All distilled spirits were originally referred to as acqua vitae, which is Latin for “the water of life”. This translates to uisge beath in Scottish Gaelic, which, over time, was shortened to uisge. That word evolved to become whisky in Scotland and Ireland (due to the pronunciation).
To ‘e’ or not to ‘e’
You will see whiskey spelled two ways: whiskey and whisky. Whisky is the Gaelic spelling and whiskey is the English Americanized spelling. While we refer to whiskies with the ‘e’, many distilleries stick with the traditional Gaelic spelling, without an ‘e’. At Whiskey Watch, we honor the way distilleries wish to have their brand represented when describing the many different whiskies from around the world.
Tips on Finding a Whiskey That’s Right for You
We suggest adopting the phrase “my new favorite” because if you’re a whiskey drinker, you’re probably always trying new whiskies. This means that you, like us, will probably always have a “new favorite” whiskey. Not only is that okay, and that’s very much encouraged around here.

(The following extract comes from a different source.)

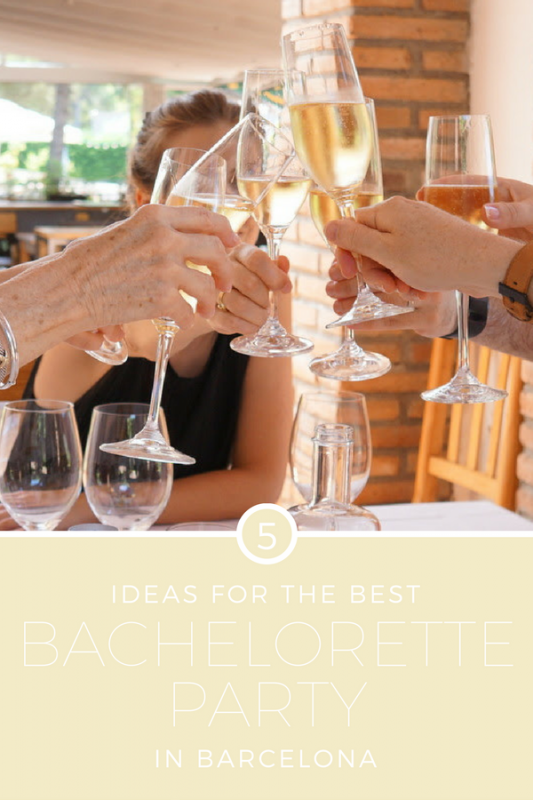 Ready for an unforgettable bachelorette party in Barcelona? Here are 5 great ideas to take it to the next level!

We all go through phases. We all have changing palates and changing moods—even tastes that change with the seasons! A whiskey that is right for you one year may not be as exciting the next.
So keep trying, keep tasting, and keep reading.
Whiskey is a broad term that describes the overall category of bourbon, rye, Scotch, Irish whisky, Japanese Scotch, American whiskey, and so on. Whiskey means you are dealing with alcohol made from fermented grain.
Whiskey is typically aged in casks but does not have to be (such as with moonshine and white whiskey). Think of whiskey as similar to the category of wine, while you may want a glass of wine, you must then decide if you want a red wine, white, rosé and then what grape, region, or age from there. Whiskey is no different.
Under the umbrella of whiskey, you have flavors that vary from sweet and fruity to smoky and earthy to spicy and strong. Unfortunately, there is no clear indicator of the tasting profile on most bottles. The good news is, we can give you clues to look for, which will help you understand what the bottle in your hand is going to taste like. For example, the region the whiskey comes from will give you a clue about how it tastes, and so will the mashbill and age.
Know your palate and you’ll be able to direct your sights.
Grain Content and Styles
Different grains make for different flavors. Corn and wheat usually make for a sweeter and softer drink. Rye is stronger and spicier. Barley tends to be earthier but can really morph depending on the techniques used to distill and age the whiskey.
Like grain, the casks a whiskey is aged in have a significant effect on the resulting flavors. Sherry casks will add a sweeter hint. Rum casks tend to add a thicker, molasses flavor. Charred oak casks add smoke and caramel.
Look for the cask information when you’re thinking of purchasing your whiskey, it is often on the bottle and will help you decipher what the flavor profile will be like.
Peated or non-peated, chill filtration or no chill filtration. It’s easy to get caught up in all of the explicit details of a particular bottle. Every step is important in crafting a bottle of whiskey, which is what makes trying them all so much fun! We suggest keeping a journal to help keep yourself organized. This will not only remind you of what you liked (and didn’t like) it will help you make smarter purchases down the line.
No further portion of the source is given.